Private Letter Ruling
Tourism Organization's Exempt Status Denied
Organization applied for exempt status under Sec. 501(c)(3). Organization's purpose is hosting events to promote economic development and tourism in a particular city (City). Organization was formed in the hopes of attracting new businesses and residents to City by fostering existing businesses and supporting local area events to promote tourism. Organization's most significant activities includes holding events on behalf of City to help combat community deterioration. Organization hosts various events including a fish fry, an equestrian event and feeding a number of attendees at these events through donations received by Organization.

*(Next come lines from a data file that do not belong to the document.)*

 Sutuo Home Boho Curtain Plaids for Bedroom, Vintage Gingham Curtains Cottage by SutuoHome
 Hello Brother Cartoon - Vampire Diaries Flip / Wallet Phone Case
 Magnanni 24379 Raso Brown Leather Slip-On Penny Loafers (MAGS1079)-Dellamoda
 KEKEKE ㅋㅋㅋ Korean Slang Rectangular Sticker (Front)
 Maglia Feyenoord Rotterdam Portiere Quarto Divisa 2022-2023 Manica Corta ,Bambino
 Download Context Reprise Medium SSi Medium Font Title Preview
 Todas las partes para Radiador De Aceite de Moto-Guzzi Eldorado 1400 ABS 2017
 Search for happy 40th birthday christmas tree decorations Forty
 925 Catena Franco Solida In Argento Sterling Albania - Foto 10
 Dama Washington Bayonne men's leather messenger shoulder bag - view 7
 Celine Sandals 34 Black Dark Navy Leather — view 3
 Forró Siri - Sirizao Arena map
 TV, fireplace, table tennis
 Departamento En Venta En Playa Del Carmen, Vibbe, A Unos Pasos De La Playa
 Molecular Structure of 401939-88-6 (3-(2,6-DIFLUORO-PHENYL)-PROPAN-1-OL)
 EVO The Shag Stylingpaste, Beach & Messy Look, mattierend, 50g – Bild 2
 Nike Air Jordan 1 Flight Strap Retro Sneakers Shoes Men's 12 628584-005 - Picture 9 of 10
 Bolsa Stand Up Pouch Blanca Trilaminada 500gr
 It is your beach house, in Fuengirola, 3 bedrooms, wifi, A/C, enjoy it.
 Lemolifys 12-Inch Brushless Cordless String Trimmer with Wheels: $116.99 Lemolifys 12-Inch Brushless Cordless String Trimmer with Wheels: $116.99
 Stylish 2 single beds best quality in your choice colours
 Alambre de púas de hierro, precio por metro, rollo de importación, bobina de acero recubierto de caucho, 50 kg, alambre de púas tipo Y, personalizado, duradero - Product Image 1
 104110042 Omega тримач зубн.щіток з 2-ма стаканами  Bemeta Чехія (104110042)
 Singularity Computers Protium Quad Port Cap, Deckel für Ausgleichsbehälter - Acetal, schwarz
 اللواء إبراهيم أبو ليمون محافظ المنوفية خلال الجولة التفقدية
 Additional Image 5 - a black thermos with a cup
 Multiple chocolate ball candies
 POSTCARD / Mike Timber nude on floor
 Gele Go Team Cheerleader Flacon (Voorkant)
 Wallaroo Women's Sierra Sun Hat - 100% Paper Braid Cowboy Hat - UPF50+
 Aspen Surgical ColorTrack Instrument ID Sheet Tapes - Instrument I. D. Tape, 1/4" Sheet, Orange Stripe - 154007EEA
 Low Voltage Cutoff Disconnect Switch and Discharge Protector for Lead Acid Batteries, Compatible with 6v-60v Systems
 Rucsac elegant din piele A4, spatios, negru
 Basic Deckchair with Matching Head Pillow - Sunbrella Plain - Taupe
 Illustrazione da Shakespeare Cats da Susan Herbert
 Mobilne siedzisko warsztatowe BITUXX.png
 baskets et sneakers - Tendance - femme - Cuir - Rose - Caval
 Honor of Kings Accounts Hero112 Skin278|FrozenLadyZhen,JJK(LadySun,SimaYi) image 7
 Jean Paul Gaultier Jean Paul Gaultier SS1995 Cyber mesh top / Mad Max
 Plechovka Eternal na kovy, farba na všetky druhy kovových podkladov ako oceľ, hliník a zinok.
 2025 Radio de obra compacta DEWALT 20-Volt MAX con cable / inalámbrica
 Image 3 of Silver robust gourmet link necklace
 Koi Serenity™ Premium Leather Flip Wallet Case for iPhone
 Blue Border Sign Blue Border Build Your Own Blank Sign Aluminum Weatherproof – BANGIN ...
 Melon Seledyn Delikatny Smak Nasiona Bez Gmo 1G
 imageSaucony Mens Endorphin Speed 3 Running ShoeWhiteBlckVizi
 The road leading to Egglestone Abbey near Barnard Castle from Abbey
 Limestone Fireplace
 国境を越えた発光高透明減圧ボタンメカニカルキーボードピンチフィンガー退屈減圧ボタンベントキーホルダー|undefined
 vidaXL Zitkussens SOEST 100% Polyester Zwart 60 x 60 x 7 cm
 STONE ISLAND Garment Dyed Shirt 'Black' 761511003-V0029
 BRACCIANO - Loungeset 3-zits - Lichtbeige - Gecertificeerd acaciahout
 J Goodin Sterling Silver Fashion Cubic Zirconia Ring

These activities are intended to help the community by increasing sales tax revenue from new businesses, residents and tourism. Additional information regarding Organization's activities was requested regarding the equestrian event, but not returned by Organization. These promotional activities constitute Organization's only activities and Organization plans on offering additional annual promotional events for the benefit of City.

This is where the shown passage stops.